Checking accounts charge a variety of fees:
- Monthly maintenance charges: Flat-dollar fees that come out of your balance every month. It’s hard to imagine a situation where it makes sense to pay those fees.
- Overdraft charges: Transaction fees for spending more than you have in your account. The bank might “lend” you money or allow payments to go through even when your account is empty. You need to repay those amounts, and you’ll typically pay additional overdraft charges.
- Insufficient funds fees: Similar to overdraft charges, but those might hit your account even when the bank doesn’t cover payments for you. If you try to spend more than you have, an insufficient funds fee may apply.
- Additional fees: You may have to pay ATM charges for using certain ATMs, although some banks rebate those fees. What’s more, some banks charge for requests like wire transfers, replacement debit cards, and stop-payment requests.
Savings accounts are designed to keep your money safe while paying a modest amount of interest on your account balance:
- Grow your money: Savings accounts typically pay interest, so you earn money on the cash you’re not using. Compare that to checking accounts, which usually do not pay interest.
- Separate long-term money: If you’re saving for a rainy day or other financial goals (like a vacation or down payment), savings accounts can help. By removing funds from your checking account, you’re less likely to overspend. It can even make sense to use multiple savings accounts for various goals.
Access Your Savings
When you need to spend your savings, you can access funds in several ways. As of April 2020, federal law no longer limits consumers to six withdrawals per month from savings accounts, although individual banks are permitted to impose their own limits.
- Transfer to checking: You can move money from your savings account to a checking account when you plan to spend. That’s almost instant if both accounts are at the same bank, and it typically takes a few days to move money from one bank to another.
- Cash withdrawals: If you use cash and your bank provides an ATM card, you can get cash out of your savings account at an ATM. Likewise, you can visit a bank branch and request cash. You can withdraw funds with an ATM or bank teller as often as you want.
- Request a check: Banks can also print checks payable to you. You can then deposit those checks at a different bank or credit union. There is no limit to the number of checks you receive when the checks are payable to you.
Savings Account Fees
Savings accounts tend to be less expensive than checking accounts, but it’s critical to review fee schedules before you open an account. Monthly fees are not very common, but ATM fees are still a reality. If you make more than six withdrawals (again, ATM withdrawals don’t count toward that limit), you may face excess transaction fees.

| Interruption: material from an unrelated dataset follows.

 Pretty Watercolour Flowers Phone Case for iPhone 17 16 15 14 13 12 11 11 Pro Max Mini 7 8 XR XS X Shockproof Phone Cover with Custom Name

Beyond Checking and Savings Accounts
Checking and saving accounts aren’t the only accounts available at banks. Get familiar with other options.

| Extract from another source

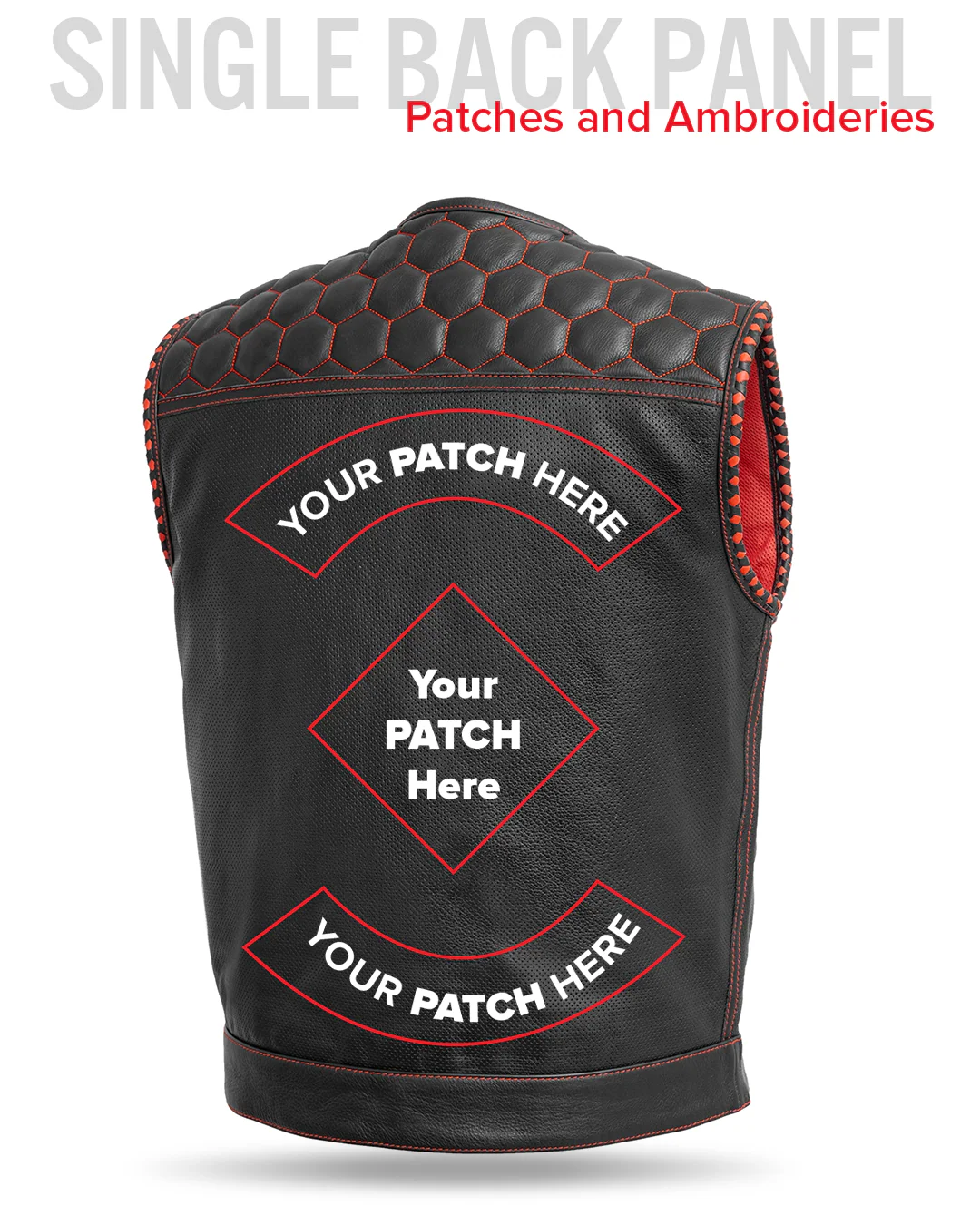 Hornet Perforated Men's Club Style Leather Vest - Image 30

Money market accounts have features of both checking and savings accounts. They often pay more than checking accounts, and they allow limited spending. Depending on your bank, a money market account might provide a checkbook, a debit card, or online bill payment options.
Certificates of deposit (CDs) are for money that you don’t intend to spend for at least six months. CDs typically pay more than savings accounts, but you need to commit to leaving your funds untouched for six months, one year, or more. If you cash out early, you may need to pay a penalty.